PROJECT SUMMARY/ABSTRACT Sepsis is a critical illness arising from dysregulated host response to infection where invading pathogens elicit an adverse systemic inflammatory response that affects multiple organs and tissues. Currently, there are limited therapies that effectively treat this disease. The overarching goal of our work is to identify new molecular targets that can potentially serve as diagnostics or therapeutics for prevention and treatment of sepsis. This project focuses on glycocalyx shedding as not merely a consequence, but a critical cause, of inflammatory injury. Specifically, we hypothesize that bacterial infection promotes disintegrin metalloprotease (ADAM) upregulation and activity to shed glycocalyx molecules on endothelial surface and release their fragments into the circulation, which act as inflammatory signals to mediate microcirculatory dysfunction and barrier leakage by triggering endothelial cytoskeleton-junction responses. This novel concept will be tested by completing two aims: Aim 1 to characterize the molecular property of glycocalyx shedding products and function in microvascular inflammation during sepsis; Aim 2 to elucidate the molecular mechanisms of endothelial glycocalyx shedding and barrier injury. We propose a multifaceted approach based on an innovative design that integrates peptidomics, proteomics and nanotechnology with multispectral photoacoustic tomography, super-resolution confocal and 3D intravital microscopic imaging. Functionally viable human lungs and microvessels serve as the primary models, which are complemented by animal models and cell experiments. Microvascular barrier structure and function will be examined in-depth at the organ, tissue and cell levels under pathophysiologically relevant conditions of bacterial infection. We expect to gain novel insights that will not only fill the knowledge gaps in understanding the molecular mechanisms of septic injury, but also contribute to the development of effective therapeutics against infectious diseases.
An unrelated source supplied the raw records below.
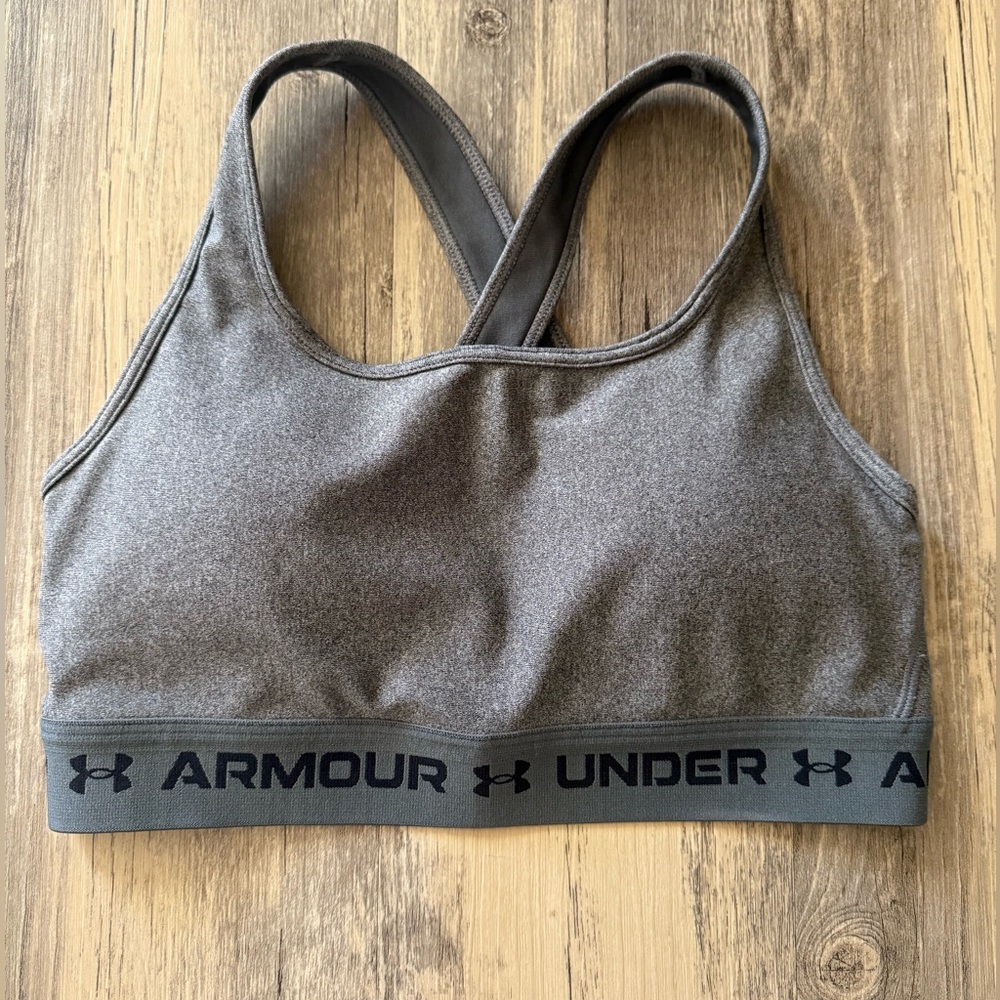 Like New! Women’s Under Armour Sports Bra- Medium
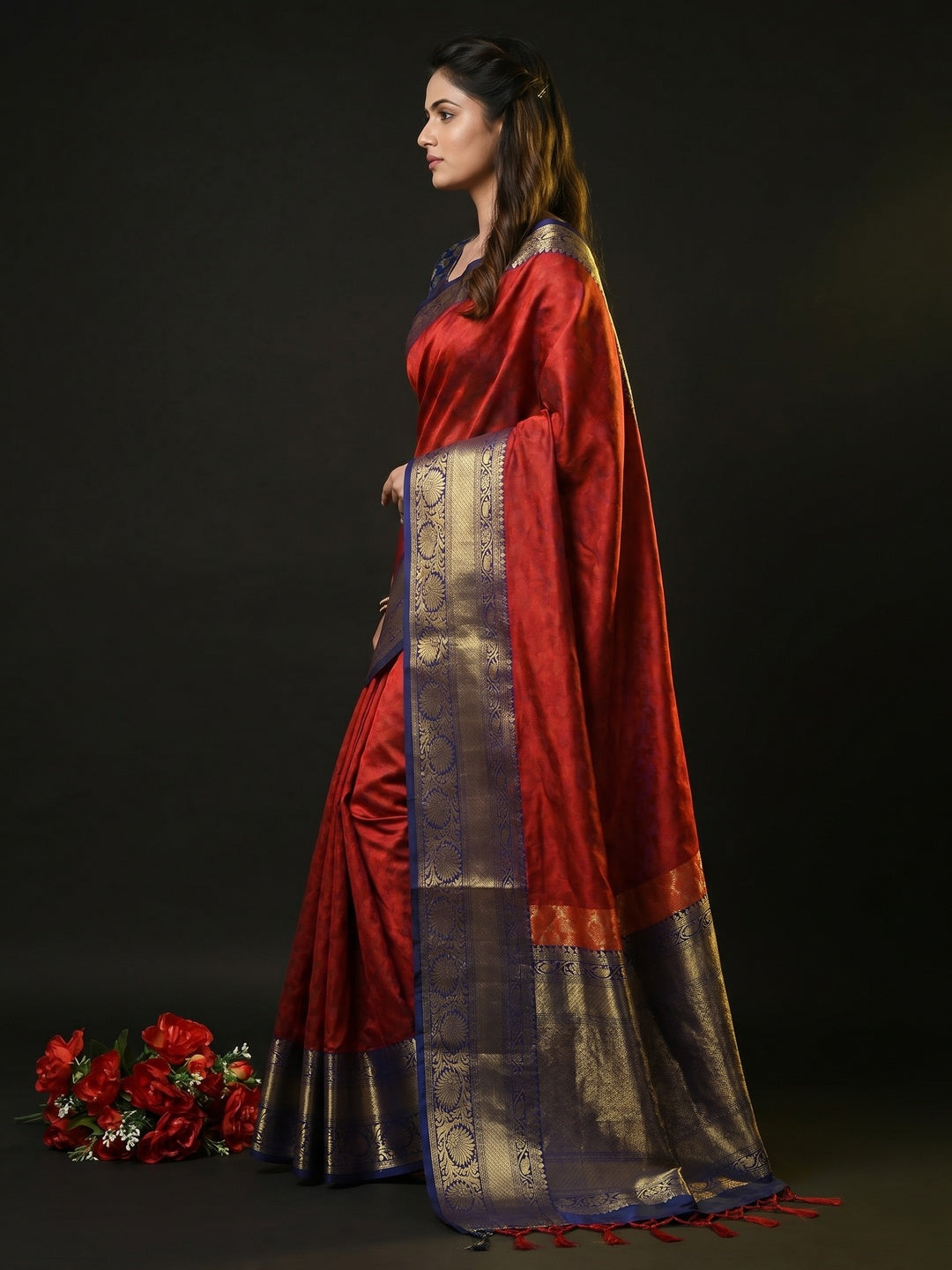 Red Woven Cotton Silk Saree - Image 2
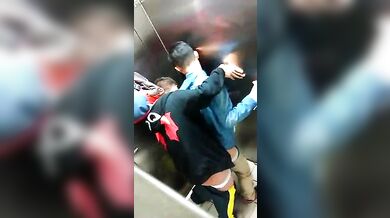 Beccati in un bagno pubblico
The proposed human organ studies further highlight the translational values of our work.

项目概要/摘要 脓毒症是一种严重疾病，是由于宿主对感染的反应失调而引起的，其中入侵的病原体引起 影响多个器官和组织的不良全身炎症反应。目前，数量有限 有效治疗这种疾病的疗法。我们工作的首要目标是确定新的分子靶点 可以作为预防和治疗脓毒症的诊断或治疗方法。这个项目 重点关注糖萼脱落不仅是炎症损伤的结果，而且是炎症损伤的关键原因。 具体来说，我们假设细菌感染促进解整合素金属蛋白酶 (ADAM) 上调 以及在内皮表面脱落糖萼分子并将其片段释放到循环中的活性， 作为炎症信号，通过触发介导微循环功能障碍和屏障渗漏 内皮细胞骨架连接反应。这个新颖的概念将通过完成两个目标来进行测试：目标 1 表征糖萼脱落产物的分子特性及其在微血管炎症中的功能 败血症期间；目标 2 阐明内皮糖萼脱落和屏障损伤的分子机制。 我们提出了一种基于创新设计的多方面方法，该设计整合了肽组学、蛋白质组学和 具有多光谱光声断层扫描、超分辨率共焦和 3D 活体成像的纳米技术 显微成像。功能可行的人肺和微血管作为主要模型， 并辅以动物模型和细胞实验。微血管屏障的结构和功能 在细菌病理生理学相关条件下，在器官、组织和细胞水平上进行深入检查 感染。我们期望获得新颖的见解，这不仅可以填补理解领域的知识空白 脓毒症损伤的分子机制，也有助于开发有效的治疗方法 传染病。拟议的人体器官研究进一步凸显了我们工作的转化价值。